**SUPPLIED MATERIAL:**

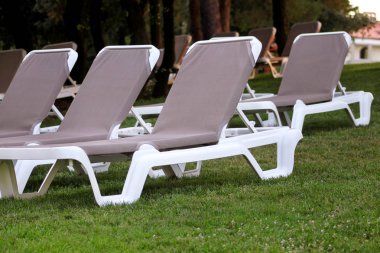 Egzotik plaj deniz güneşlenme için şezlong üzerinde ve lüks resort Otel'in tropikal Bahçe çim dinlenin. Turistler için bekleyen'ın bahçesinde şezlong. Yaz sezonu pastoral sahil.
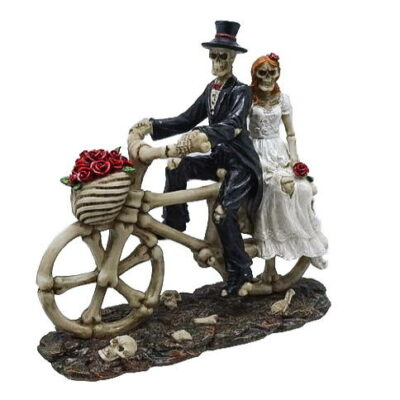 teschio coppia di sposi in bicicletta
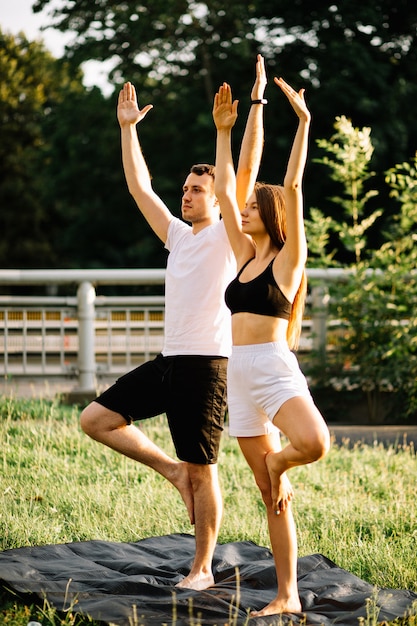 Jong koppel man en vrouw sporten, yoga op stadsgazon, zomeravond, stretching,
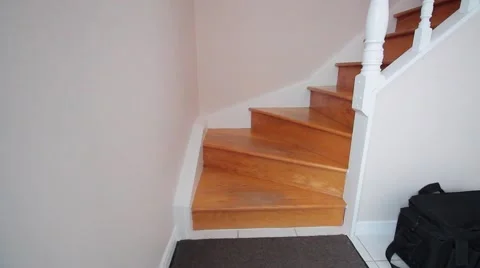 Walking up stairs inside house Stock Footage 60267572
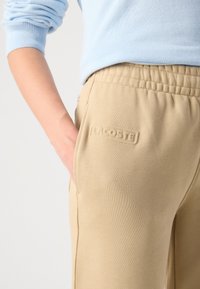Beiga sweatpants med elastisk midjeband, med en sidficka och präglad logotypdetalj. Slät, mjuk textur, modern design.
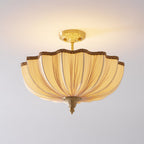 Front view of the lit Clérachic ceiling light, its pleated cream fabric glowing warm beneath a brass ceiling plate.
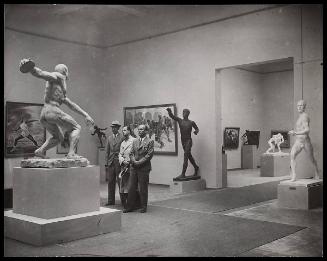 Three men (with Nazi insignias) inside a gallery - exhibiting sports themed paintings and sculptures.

**ASSIGNMENT:**
Give back, exactly as written, the lines from the top of the material through the line with "Walking up stairs", ends included and pictures left aside.

**EXERCISE ANSWER:**
 Egzotik plaj deniz güneşlenme için şezlong üzerinde ve lüks resort Otel'in tropikal Bahçe çim dinlenin. Turistler için bekleyen'ın bahçesinde şezlong. Yaz sezonu pastoral sahil.
 teschio coppia di sposi in bicicletta
 Jong koppel man en vrouw sporten, yoga op stadsgazon, zomeravond, stretching,
 Walking up stairs inside house Stock Footage 60267572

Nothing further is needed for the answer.